Ya no hay locos, amigos, ya no hay locos.
Se murió aquel manchego, aquel estrafalario fantasma del desierto (…)
Todo el mundo está cuerdo, terrible, monstruosamente cuerdo.(1)
Leon Felipe
Je ne crois pas qu’il soit nécessaire, en préambule à cet article, de m’étendre sur l’évidente condamnation de l’attentat dont l’équipe de Charlie Hebdo a été victime hier matin. C’est avec une grande tristesse et une grande indignation que je prends la plume aujourd’hui. Tristesse parce que cet attentat à coûté la vie à 12 êtres humains, et parmi eux des hommes remarquables d’intelligence, d’humour, d’humanité, dont l’un était d’ailleurs un ami personnel très cher. Indignation, parce qu’on a osé s’attaquer, et de quelle manière, à ce qui fait pour moi l’essentiel du capital intellectuel de notre République. Non pas tant la « liberté d’expression », tant galvaudée, mais la « liberté d’examen », celle qui permet soumettre toutes les affaires humaines, même les plus sacrées, à la critique. Or, il n’y a pas de « liberté d’examen » sans prise de distance, et l’humour, la caricature, la satire sont indispensables pour cela. Ce n’est pas étonnant si la caractéristique commune de tous les obscurantistes est le manque de sens de l’humour. Je ne suis pourtant pas de ceux qui aiment qu’on piétine les autels, surtout les leurs. J’adore le coup de crayon de Cabu, j’ai adoré le Wolinski de la période « Humanité » (alors que son côté érotomane me gonflait). Je n’aimais pas le style de Charb, et je détestais les dessins de Tignous. Je n’aimais pas et ne partageais pas « l’esprit Charlie Hebdo ». Mais on n’a pas besoin d’aimer pour être indigné. Le prix à payer pour avoir la liberté de penser ce qu’on veut et de le dire, c’est d’abord d’avoir à souffrir que les gens avec qui on n’est pas d’accord fassent de même. C’est pourquoi, en vrai Voltairien, il n’y a aucune ambigüité dans ma condamnation de cet acte barbare et odieux.

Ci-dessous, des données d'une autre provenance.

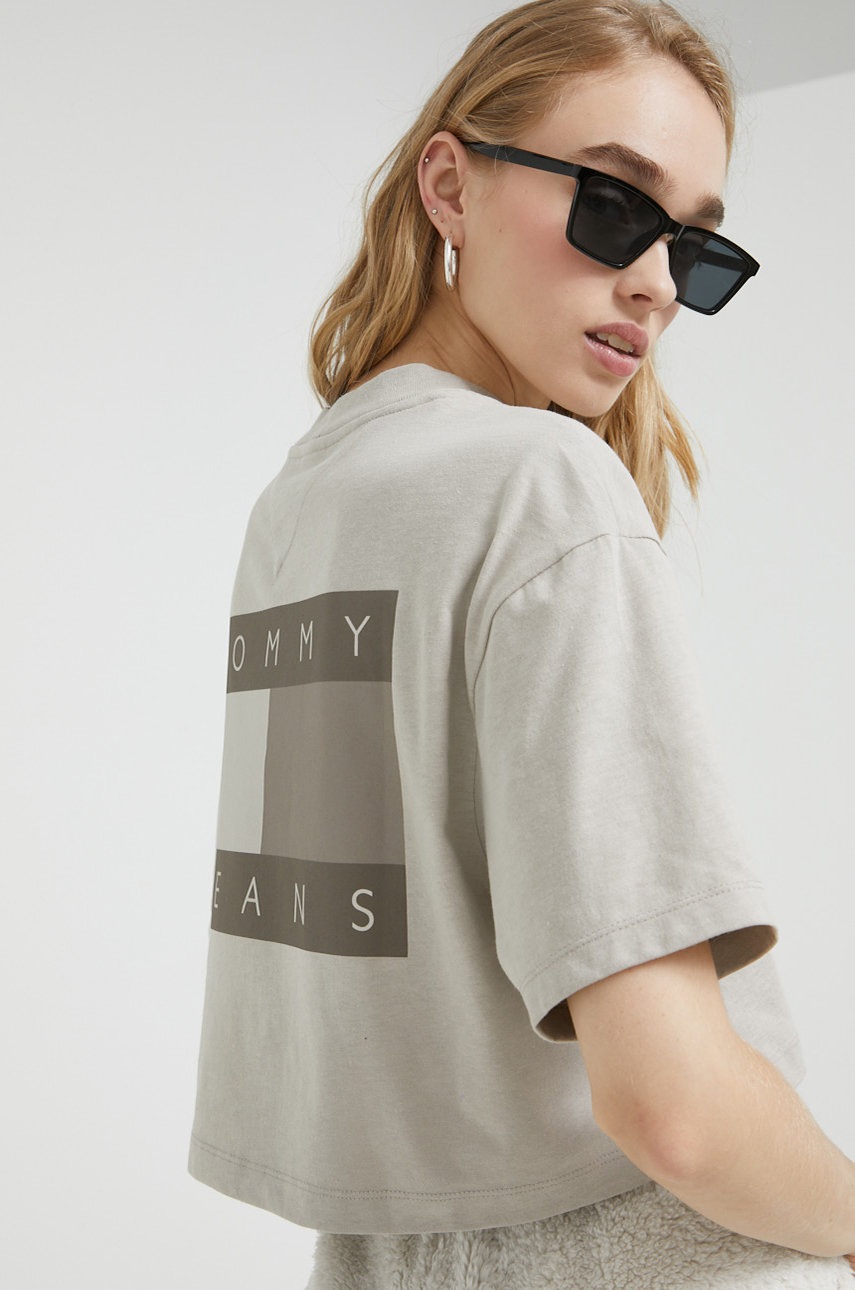 

Памучна тениска Tommy Jeans в сиво, Сив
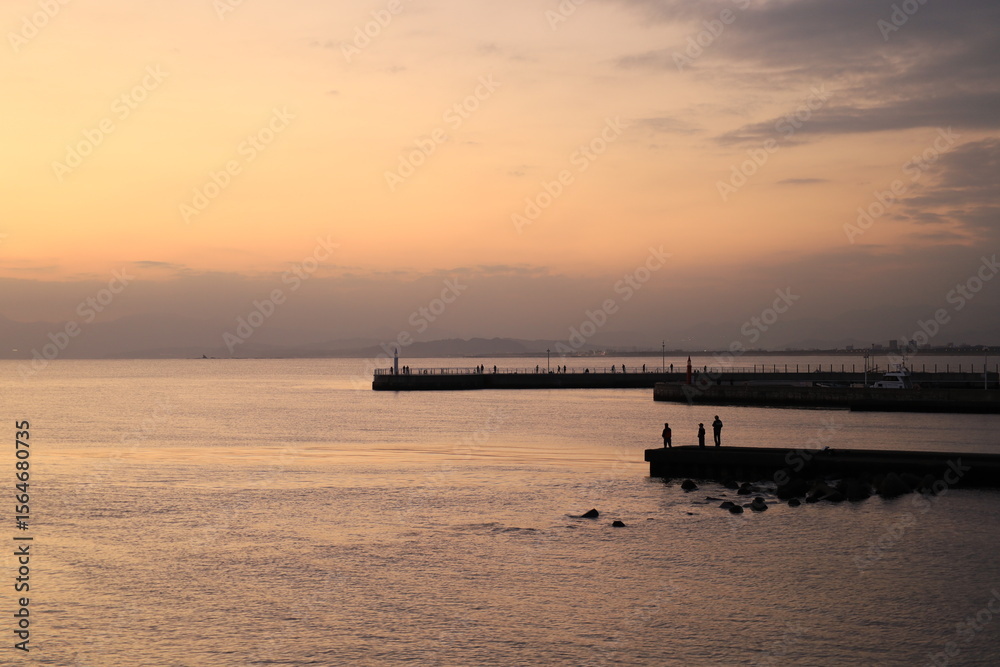 Obraz premium 江ノ島大橋周辺の日没時の風景 夕景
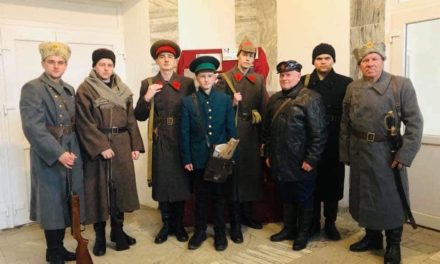 Молоді «батьківщинівці» Яворівщини організували театралізоване дійство в пам‘ять про героїв Крут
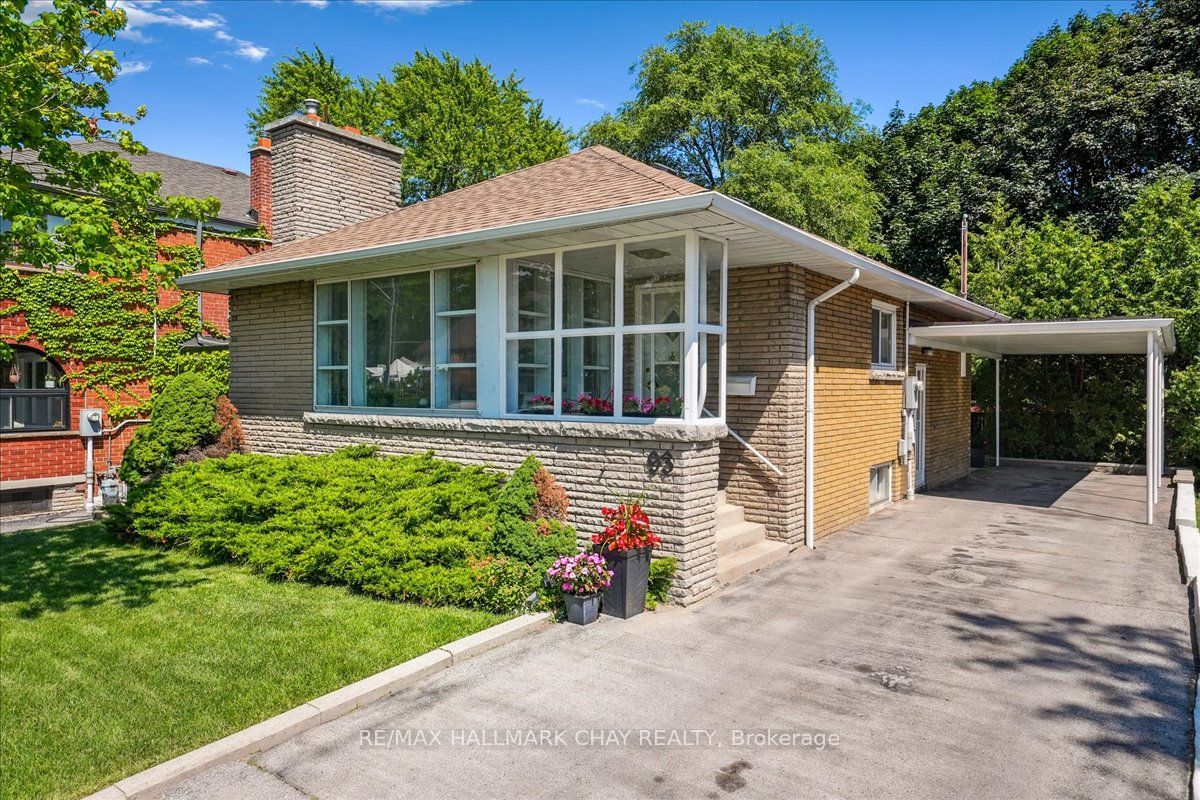 93 Clonmore Drive Property Photo 2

Cependant, j’avoue que je suis un peu gêné par la forme que prennent les manifestations qui se multiplient, et notamment celles de notre caste politico-médiatique. Je méfie comme de la peste des expressions d’hystérie publique, des hommes politiques et des vedettes pleurant devant les caméras de télévision, des appels à arborer des pins ou des pancartes dans une sorte d’expression de deuil obligatoire. Dans notre société hyper-fragmentée, nous avons la nostalgie des grands rassemblements, un besoin de nous retrouver ensemble autour des valeurs qui font encore consensus. Le prétexte peut être un évènement festif – la victoire dans une compétition sportive – ou, comme c’est le cas aujourd’hui, un deuil. C’est une sorte de Saint Jean laïque, le riche et le pauvre, le bobo et l’ouvrier, le jeune et le vieux, Hollande et Sarkozy portant ensemble des pancartes, allumant des bougies, pleurant ensemble. Ces occasions remplacent les modes et rituels de brassage social aujourd’hui disparus, du bal du 14 juillet au service militaire. Mais tout cela est trop démonstratif, trop bruyant pour être honnête. Comme disait Sénèque, « Les peines légères s’expriment aisément, les grandes douleurs sont muettes ». Et ces moments d’hystérie collective se prêtent un peu trop à diverses manipulations. Cela a commencé, d’ailleurs, avec les débats sur l’admission ou non du Front National à la manifestation de dimanche, et l’éventuelle participation à cette manifestation du président de la République. Ne vous attendez donc pas à ce que je proclame « je suis Charlie ». Non, je ne suis pas Charlie. Je suis la liberté d’expression, la liberté d’examen. Et ce n’est pas du tout la même chose. Si les fanatiques, au lieu de s’en prendre à la rédaction de « Charlie » s’en étaient pris à la rédaction de « Minute », ma réaction aurait été la même. La votre aussi, n’est ce pas ? N’est ce pas ? Eh ! c’est à vous que je parle !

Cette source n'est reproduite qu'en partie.